§ WHAT TO PRODUCE
Take the material below and extract the lines from the one with "大阪浪華錫器 酒器セット 弥生" through the one with "Καλώδιο Type-C Σε", word for word, without pictures.

§ DATA TO USE

Start of Block

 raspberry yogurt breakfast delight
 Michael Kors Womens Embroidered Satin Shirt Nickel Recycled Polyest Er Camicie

End of Block
Start of Block

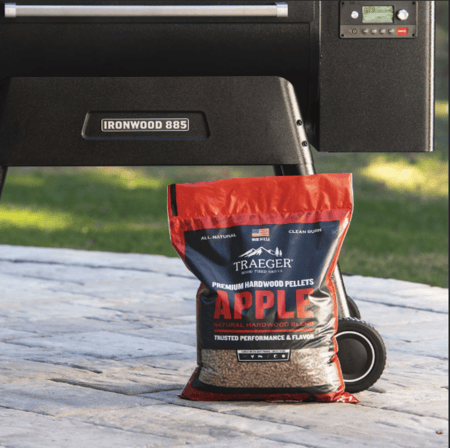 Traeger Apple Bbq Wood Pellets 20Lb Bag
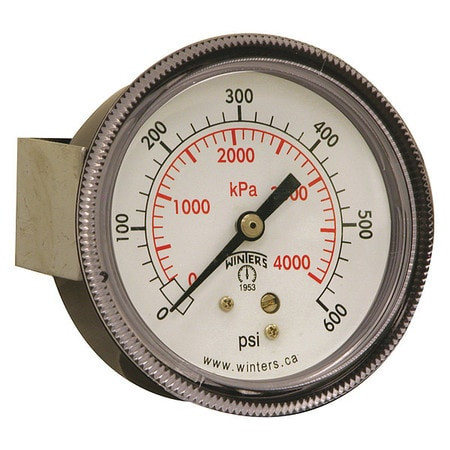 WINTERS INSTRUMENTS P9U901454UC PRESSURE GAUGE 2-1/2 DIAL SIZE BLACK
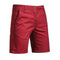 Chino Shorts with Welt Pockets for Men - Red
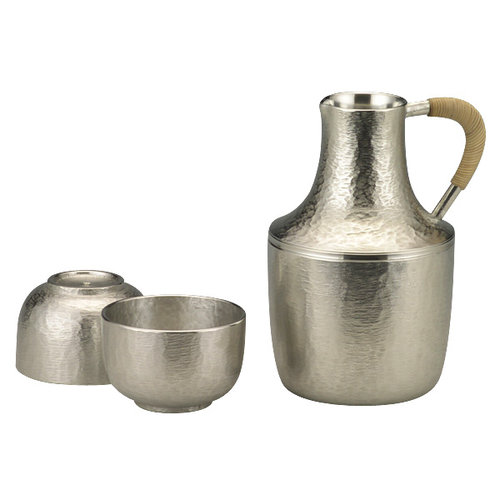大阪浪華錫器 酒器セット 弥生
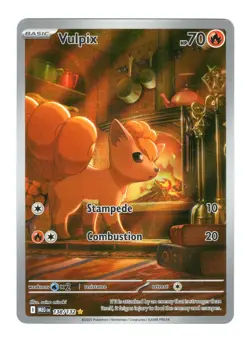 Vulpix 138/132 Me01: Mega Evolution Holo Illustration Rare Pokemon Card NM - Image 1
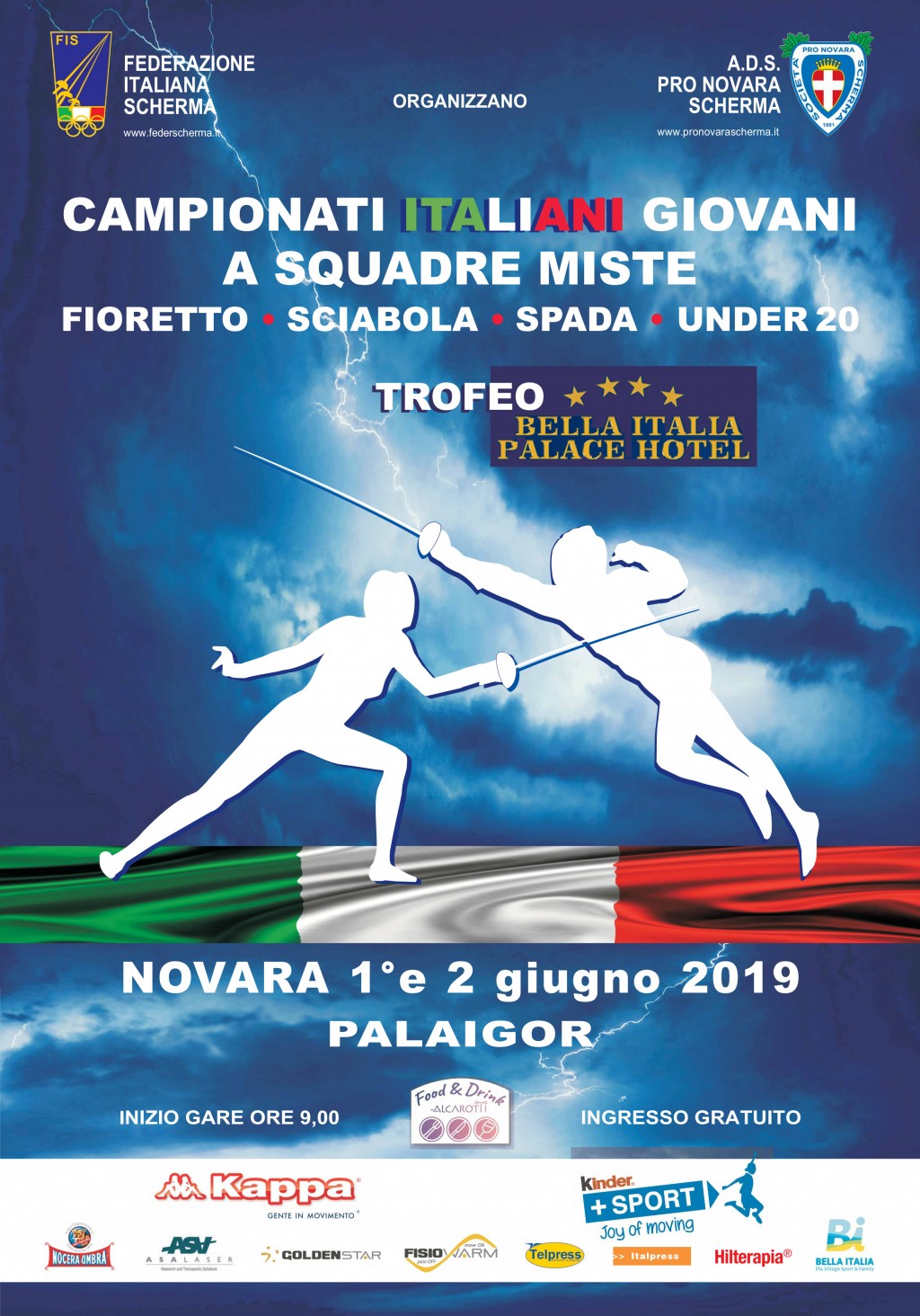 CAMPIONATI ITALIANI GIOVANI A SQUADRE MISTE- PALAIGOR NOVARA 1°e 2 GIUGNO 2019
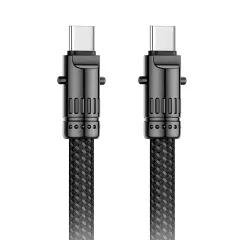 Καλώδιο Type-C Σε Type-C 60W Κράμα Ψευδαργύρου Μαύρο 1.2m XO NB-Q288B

End of Block

§ YOUR RESPONSE
大阪浪華錫器 酒器セット 弥生
 Vulpix 138/132 Me01: Mega Evolution Holo Illustration Rare Pokemon Card NM - Image 1
 CAMPIONATI ITALIANI GIOVANI A SQUADRE MISTE- PALAIGOR NOVARA 1°e 2 GIUGNO 2019
 Καλώδιο Type-C Σε Type-C 60W Κράμα Ψευδαργύρου Μαύρο 1.2m XO NB-Q288B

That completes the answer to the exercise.